Database Part 2: Querying In The Real World
Created and presented by Tahir Butt email@example.com on October 13, 2016.
Motivation: Pay attention to the database behind the curtain
In this workshop, we will channel the spirit of Toto, the dog from the much beloved The Wizard of Oz when he pulls back the curtain on the "Great Oz" to reveal an elderly man operating a machine. When discovered, the unmasked wizard hopelessly instructs his visitors to "Pay no attention to that man behind the curtain!"
Our task in this workshop is to do as Toto did before us, at least in the context of our computers. As you will learn through this workshop, the magic behind much of the software you use daily, often without considering the machines hidden from view, depends crucially on databases. Having pulled back the curtain, we will begin to ask our computers questions we might not have previously been able to articulate, even to ourselves. The mechanics and logic you will learn in this workshop pertain to relational databases, one of many kinds of databases, though still the most important to many of our desktop and web applications.

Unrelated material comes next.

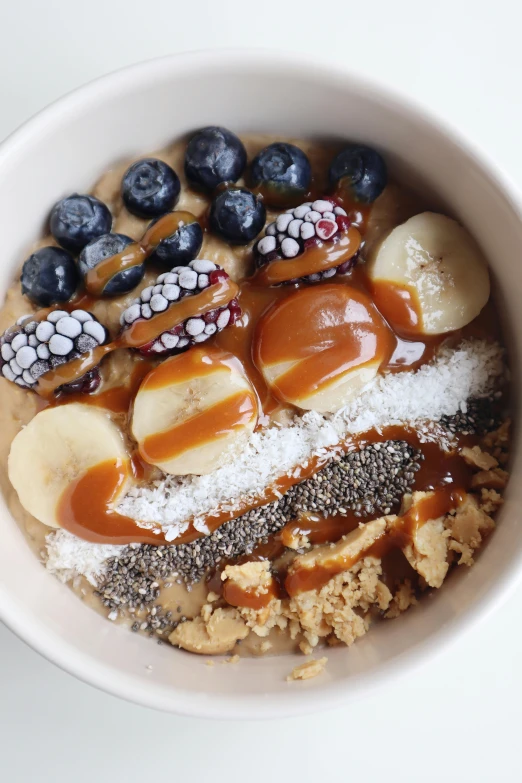 a bowl of oatmeal topped with bananas and blueberries, inspired by Richmond Barthé, trending on pexels, caramel, embedded with gemstones, gif, blonde crea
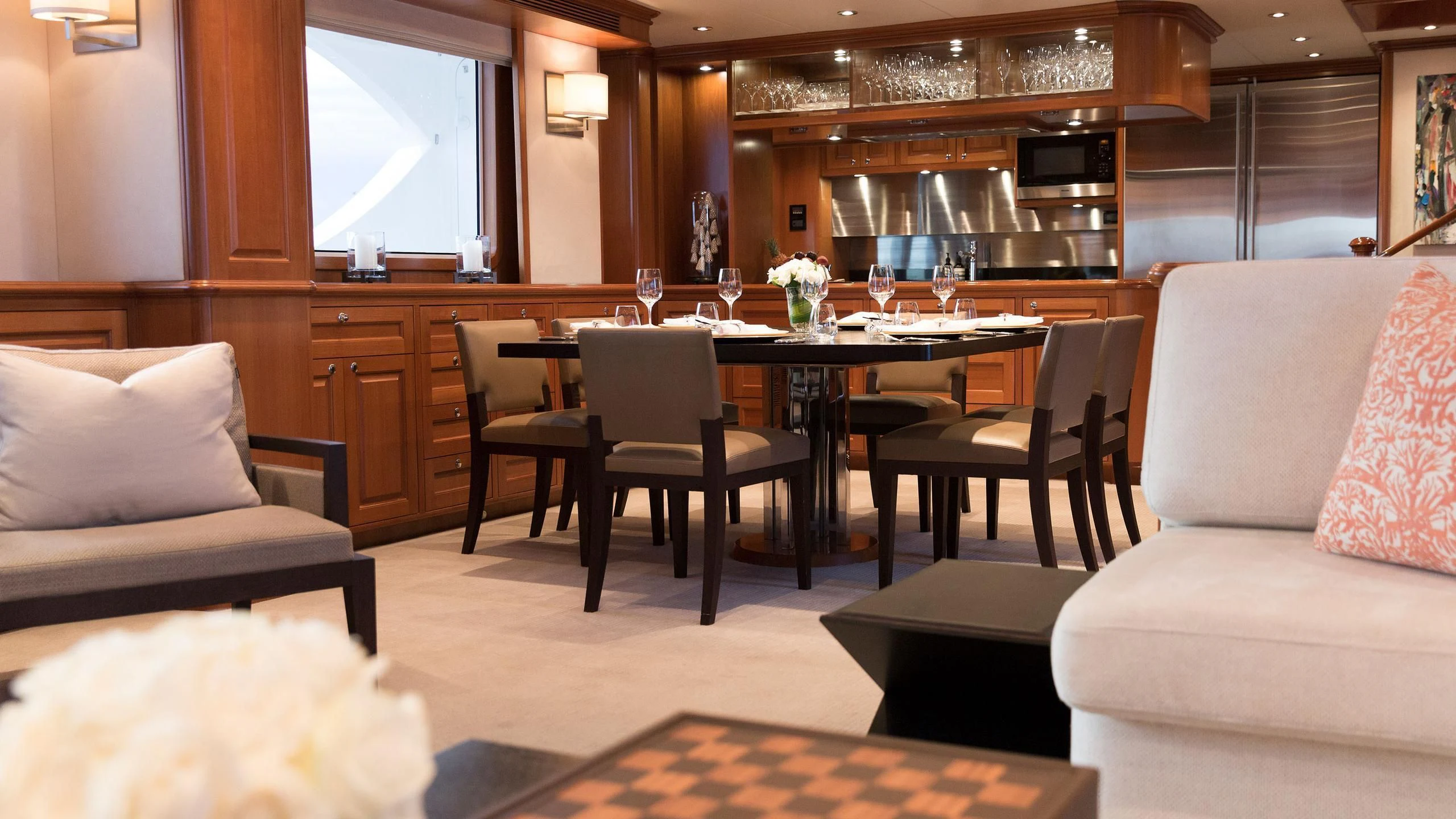 a room with a table chairs and a couch aboard SOLACE Yacht for Sale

The guiding principle behind relational databases is simple, but powerful: they allow us to structure our data so as to avoid duplicating the same information. This is accomplished by organizing similar kinds of data into separate tables and by linking these tables together with relationships. The term schema refers to the collection of tables and relationships we create in a database. We could spend a whole workshop on how to create an efficient and robust database schema. Instead, we will take as a starting point the schemas used by popular software applications: Wordpress and Zotero. For now, the introduction provided by the first database workshop will be sufficient to get going. And like in the first workshop, we will communicate with relational databases by using a Structured Query Language (SQL). We will learn about the mechanics of selecting data from a single table as well as joining multiple tables in order to gather structured data together. We will also explore how to summarize the data we gather, a skill useful for creating reports and analyses of patterns in our data.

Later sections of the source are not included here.